For decades, the fact that smoking cigarettes is extremely dangerous has been pushed upon the American public from every possible direction, encouraging quitting and actively discouraging beginning in the first place.
Countless television and radio ads are designed to scare the craving right out of you while anti-smoking advocacy groups offer their support to those looking for a way to quit. Schoolchildren are taught from a very young age that smoking is simply “bad,” that it makes your clothes smelly, that it makes you sick and that it can get you into a lot of trouble. Shocking online videos feature victims of lung and throat cancer, speaking painfully and unnaturally because they refused to heed the warnings from their family, their doctor, major health organizations, or the Surgeon General.
A Looming Threat
Smoking is the number one cause of preventable death in the world and is responsible for approximately 443,000 fatalities every year. Obesity, however, is threatening to give smoking a run for its money in America, rapidly catching up in the form of a rising endemic that now affects nearly two-thirds of the country’s entire adult population. Type 2 diabetes, hypertension, metabolic syndrome, insulin resistance, cardiovascular disease and multiple types of cancer (including breast, prostate and colorectal) are becoming increasingly more prevalent.
Being overweight in America has essentially become the norm, so much so that people who are of a healthy weight are often mistaken for being too lean. One important question that comes up when you consider critical health issues that span an entire nation, especially those capable of killing off millions each year, is actually one of the simplest: Why?
Why isn’t something more being done about this? While billions of dollars are going into anti-smoking legislation and tobacco-free advocacy every year, what’s happening on the anti-obesity front? The answer is, comparatively speaking, not much.
The unfortunate truth is that doctors, surgeons and other health professionals largely focus on the problem after it’s already become a risky issue, rather than concentrating their cumulative efforts in preventative methods to keep their patients healthy to begin with.
The overwhelming majority of American society typically underestimates the various consequences of obesity, indulging in high-calorie, high-fat meals three to four times per day and leading a relatively sedentary lifestyle. Exercise and diet are often only considered when that dress from last spring refuses to zip up in the back or that favorite pair of slacks just won’t button anymore. By this point, an excess of body fat has already taken over and the risks associated with being overweight are already increased.
Doctors, scientists and nutritionists who do recognize the issue for what it is agree on one point unanimously: Authorities in the healthcare industry and in the government would do well to spend significantly more time and effort educating the American people regarding sustainable lifestyle choices rather than first offering prescriptions and weight loss surgery to “fix the fat” after the fact.
Inarguably an enormously critical problem in and of itself, the issue of obesity is apparently not alone in its ability to escape the scrutiny it desperately deserves. Fluoride toxicity, for example, is a very real problem for individuals with kidney problems and has been known to cause severe health complications and even death. Yet the government continues to turn a blind eye to the problem, allowing water fluoridation without attempting to conduct the research necessary to discover this chemical’s role in patient illness.
Alcoholism continues to destroy the lives of both those who drink excessively and those who are unfortunate enough to come into contact with them while they are heavily inebriated.
Millions suffering from mental health issues like clinical depression, anxiety and chronic substance abuse continue to lack the support and funding they need to improve their lives. Just like the growing obesity problem, these issues have been largely circumvented or outright ignored, placed on a perpetual back burner by those capable of offering a remedy.
Perhaps if as much thought, effort and money were put into these situations as have been put into anti-smoking campaigns, our country might not see so much suffering, disease and needless death.

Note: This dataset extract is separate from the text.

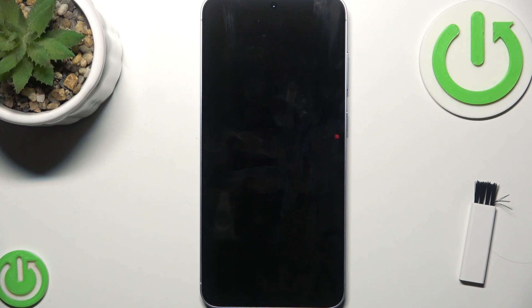If it doesn't work, try a different power source because sometimes the issue is with the power rather than the phone. Try plugging your charger into a different wall socket, use a different USB port if you're charging from a laptop or PC, and if you're using a power strip, plug the charger directly into the wall.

Is Obesity Really More Harmful than Smoking?
Recent UK studies have postulated that obesity and its related conditions may indeed prove more dangerous than smoking, revealing that morbidly obese men (with a BMI of 45 or higher) experience a reduced life expectancy to the tune of 13 fewer years on Earth, while the number of years lost to smoking fell closer to an average of 10. Naturally, further research is needed before any definitive claims regarding other BMI indices can be made, but one thing is for sure.
Individuals with every body type under the sun – skinny, slender, average, muscular, healthy, slightly overweight, clinically overweight and obese – have all been negatively affected by tobacco addiction and everything that comes with it. No one is immune to the health risks associated with smoking.
Now that obesity is beginning to catch up with tobacco as a key player in preventable disease and death, Americans and the government responsible for the well being of this country share a mutual responsibility: to reshape our collective lifestyle, thereby avoiding an otherwise inevitable epidemic of deadly disease that’s been preventable from the very start.